Convolution, or more precisely, discrete convolution 1 (there’s an analogous continuous
version that we won’t go into here), is defined for a 2D image as the scalar product
of a weight matrix, the kernel, with every neighborhood in the input. Consider a
3 × 3 kernel (in deep learning, we typically use small kernels; we’ll see why later on) as
a 2D tensor
weight = torch.tensor([[w00, w01, w02],
[w10, w11, w12],
[w20, w21, w22]])
and a 1-channel, MxN image:
image = torch.tensor([[i00, i01, i02, i03, ..., i0N],
[i10, i11, i12, i13, ..., i1N],
[i20, i21, i22, i23, ..., i2N],
[i30, i31, i32, i33, ..., i3N],
...
[iM0, iM1m iM2, iM3, ..., iMN]])
We can compute an element of the output image (without bias) as follows:
o11 = i11 * w00 + i12 * w01 + i22 * w02 +
i21 * w10 + i22 * w11 + i23 * w12 +
i31 * w20 + i32 * w21 + i33 * w22
Figure 8.1 shows this computation in action.
That is, we “translate” the kernel on the i11 location of the input image, and we
multiply each weight by the value of the input image at the corresponding location.
Thus, the output image is created by translating the kernel on all input locations and
performing the weighted sum.
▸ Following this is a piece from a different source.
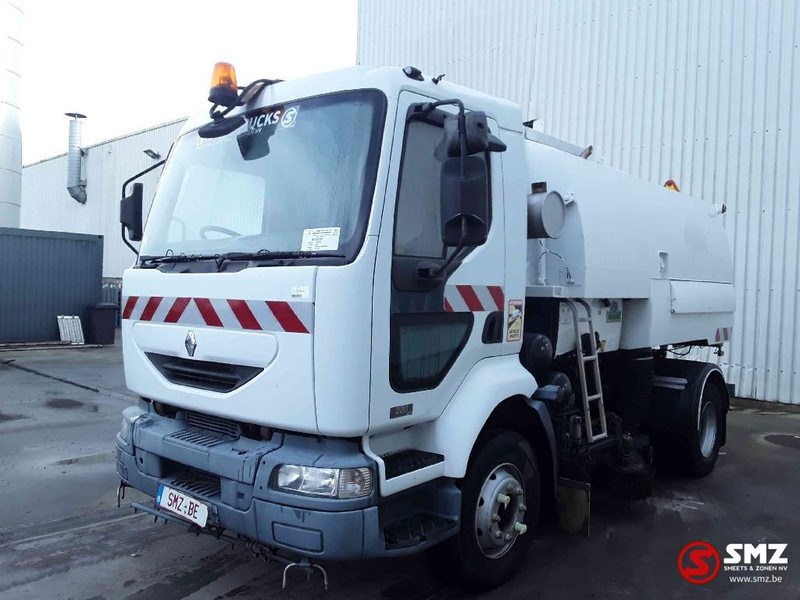Renault Midlum 220 - Makinë fshirëse për rrugët: foto 3 Renault Midlum 220 - Makinë fshirëse për rrugët: foto 3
For a multichannel image, like our RGB image, the
weight matrix would be a 3 × 3 × 3 matrix: one set of weights for every channel, contributing
together to the output values.
Note that, just like the elements in the weight matrix of nn.Linear, the weights in
the kernel are not known in advance, but they are initialized randomly and updated
through backpropagation. Note also that the same kernel, and thus each weight in the
kernel, is reused across the whole image. Thinking back to autograd, this means the use
of each weight has a history spanning the entire image. Thus, the derivative of the loss
with respect to a convolution weight includes contributions from the entire image.
1
There is a subtle difference between PyTorch’s convolution and mathematics’ convolution: one argument’s
sign is flipped. If we were in a pedantic mood, we could call PyTorch’s convolutions discrete cross-correlations.